Y resulta que para Carpentier lo maravilloso en Hispanoamérica se hallaba por todas partes: a la vuelta de cada esquina; en el desorden; en lo pintoresco de sus ciudades, sus pueblos y su gente; en la naturaleza, y también en su historia.
Don Chucho, como se le conoce a Manuel Jesús Vázquez, puede dar fe de ello. En él se encierra esa maravilla tan nuestra que le ha permitido a un eterno enamorado de la naturaleza, de oficio jardinero, investirse de escritor para brindarnos el privilegio de leer La narración de nuestros antepasados.
Ahora, sin más preámbulos, Eclipse de Luna, el primero de los trece relatos recogidos en dicho volumen:
«¡Santísima, hoy hay eclipse de Luna! Niños, busquen el balde viejo, el caracol, la botella vieja, que vaya uno de ustedes junto al árbol seco y agarre el katun (molinete de piedra) para golpearlo. ¡Já’a! Tú, ‘Chocolín’, anda a avisar a los vecinos…
«Ustedes, amarren al perro, porque si no lo hacen se convierte en monstruo y les va a comer», decía angustiada Doña Trifina a sus nietos.
La abuela observaba las sombras que iban cubriendo a la Luna, y gritaba desesperada para que sonaran el chicote, e insistía que no dejaran de hacer ruido.
A lo lejos se podían escuchar disparos de escopetas, soplidos de caracol, sonido de latas viejas…Todo con la sana intención de salvar a la Luna.

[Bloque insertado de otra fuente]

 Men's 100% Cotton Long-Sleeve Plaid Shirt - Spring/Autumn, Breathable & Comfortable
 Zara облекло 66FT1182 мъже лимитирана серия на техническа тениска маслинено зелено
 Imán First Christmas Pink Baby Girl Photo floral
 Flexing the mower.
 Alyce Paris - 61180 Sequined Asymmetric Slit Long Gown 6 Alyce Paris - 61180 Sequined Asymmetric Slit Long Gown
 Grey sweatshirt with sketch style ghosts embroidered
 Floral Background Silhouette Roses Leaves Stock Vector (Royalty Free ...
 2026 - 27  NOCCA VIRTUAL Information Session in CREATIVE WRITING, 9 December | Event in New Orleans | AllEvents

Para nuestros ancestros Mayas, los eclipses de Luna y de Sol representaban acontecimientos de gran importancia con repercusión en sus actividades agrícolas. Además, creían que cuando ocurría un eclipse indicaba que al astrose lo estaba comiendo un animal. Esa era la causa de que se escucharan disparos de escopetas, cohetes, petardos, bombas con morteros o ruido de latas.
Después de Eclipse de Luna, siguen desfilando costumbres a través de las páginas de La narración de nuestros antepasados. Entre las que figura el jéets méek, manera de denominar al bautizo tradicional de los Mayas en Yucatán. Esta tradición, que ha llegado hasta nuestros días, consiste en cargar al recién nacido a horcajadas sobre la cadera con el objetivo de abrir su entendimiento.

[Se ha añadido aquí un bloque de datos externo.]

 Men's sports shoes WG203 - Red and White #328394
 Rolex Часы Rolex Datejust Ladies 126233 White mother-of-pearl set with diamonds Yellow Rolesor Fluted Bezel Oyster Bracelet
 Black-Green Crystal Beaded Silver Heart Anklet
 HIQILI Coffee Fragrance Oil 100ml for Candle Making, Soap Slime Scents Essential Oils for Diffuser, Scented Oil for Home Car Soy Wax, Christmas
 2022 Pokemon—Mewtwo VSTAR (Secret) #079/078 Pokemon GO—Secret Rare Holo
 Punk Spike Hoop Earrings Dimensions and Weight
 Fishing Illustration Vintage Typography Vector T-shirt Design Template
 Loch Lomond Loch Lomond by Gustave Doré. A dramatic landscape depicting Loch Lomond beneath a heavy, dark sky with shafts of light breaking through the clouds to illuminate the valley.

En el caso de un niño, se realiza al cumplir los cuatro meses, pues el número cuatro significa los cuatro puntos cardinales de la milpa que cultivará. Mientras que para una niña es a los tres meses, simbolizando el número de piedras del fogón de la cocina.

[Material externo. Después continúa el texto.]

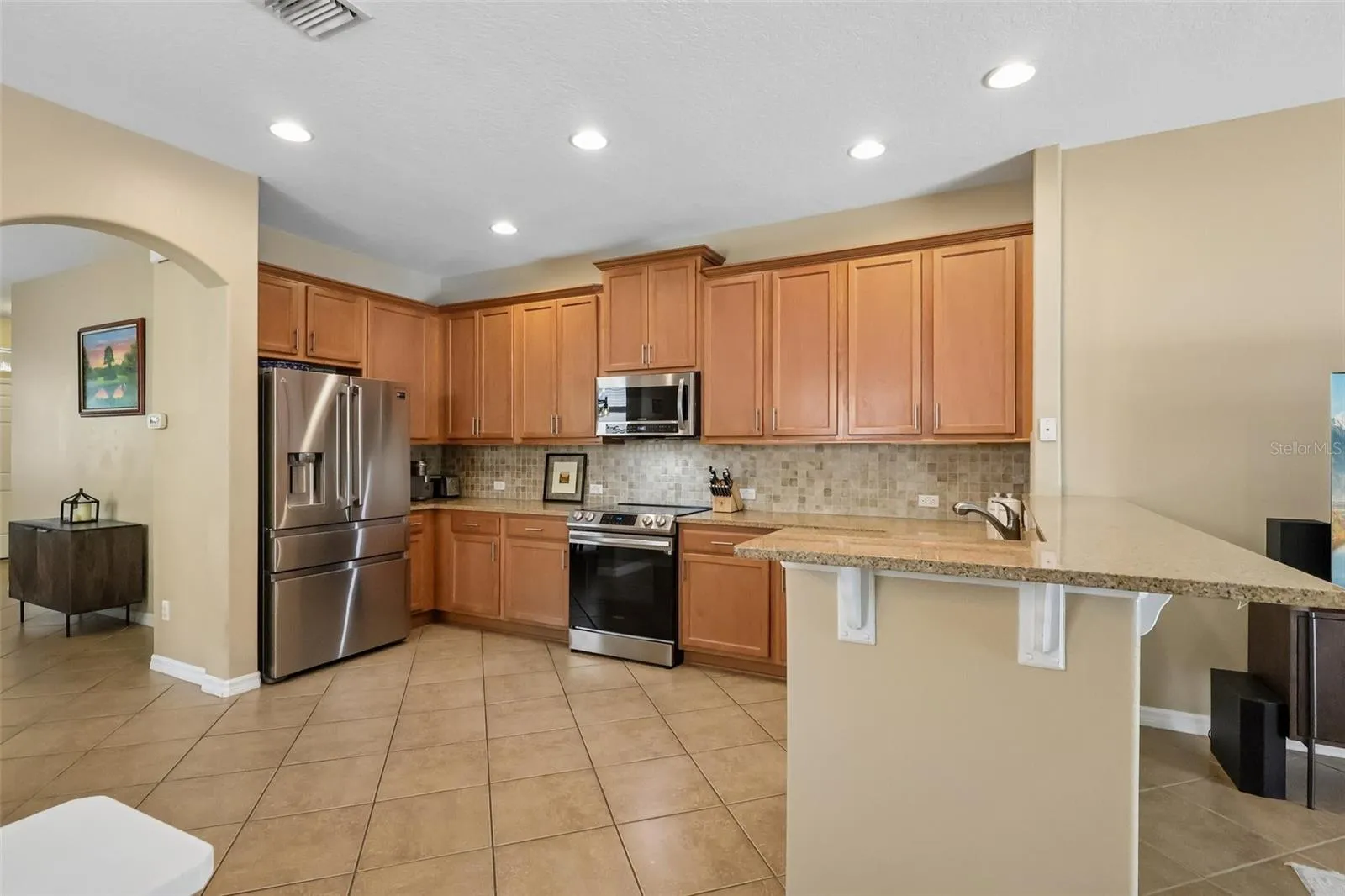 Open kitchen with plenty of cabinet space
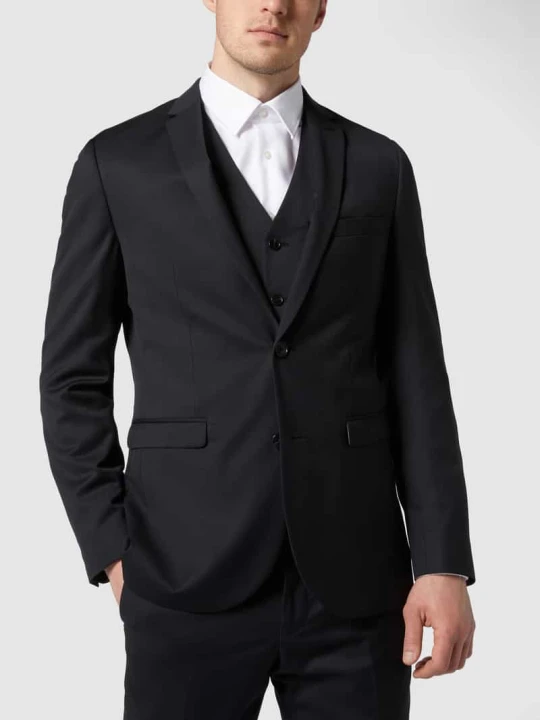 Zdjęcie produktu Marynarka zapinana na 2 guziki o kroju slim fit z dodatkiem streczu model ‘George’ Matinique Czarny
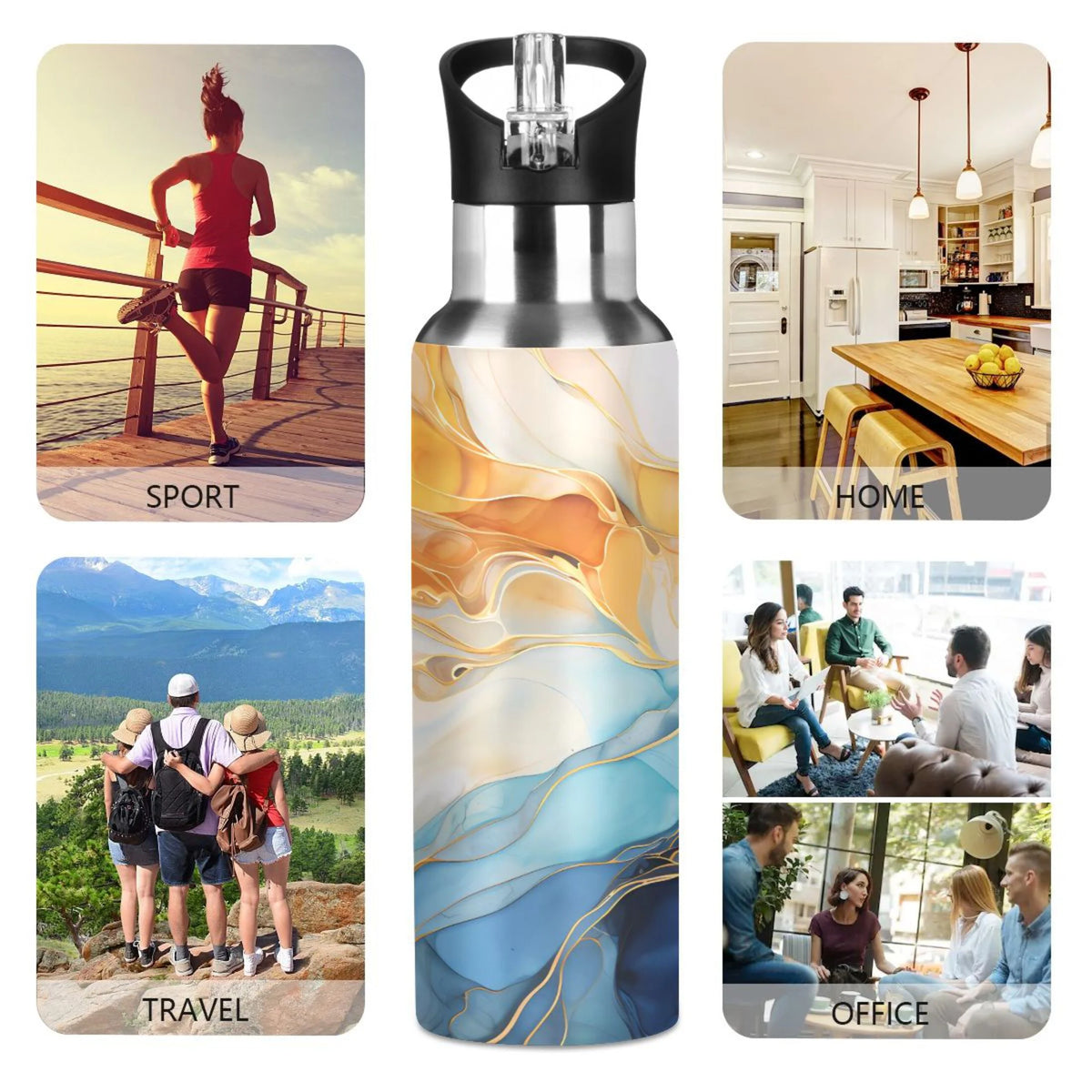 Yellow and Blue Marble Stainless Steel Insulated Water Bottle with Straw Lid X925712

Durante el acto de bautizo, el padrino o madrina -en dependencia de si se trata de un niño o niña- carga a su ahijado y le va mostrando una serie de utensilios, que serán importantes en su vida adulta, con las recomendaciones para su uso.
La ceremonia concluye cuando los papás del bautizado ofrecen algún obsequio a sus compadres como muestra de agradecimiento. Por su parte, los padrinos hacen otro tanto con su ahijado, e invitan a los padres a un pequeño manjar, consistente en gorditas hechas de masa y pepita (xtóop) y atole de masa bien cocida (k’áaj).
Se considera que el rito ayuda a abrir los huesos de la cadera del niño, y de ese modo logran caminar bien y rápido. Por eso, cuando un padre observa a su hijo lento al caminar, lo regaña y le dice: «No te hicieron bien el jéets méek por tu padrino».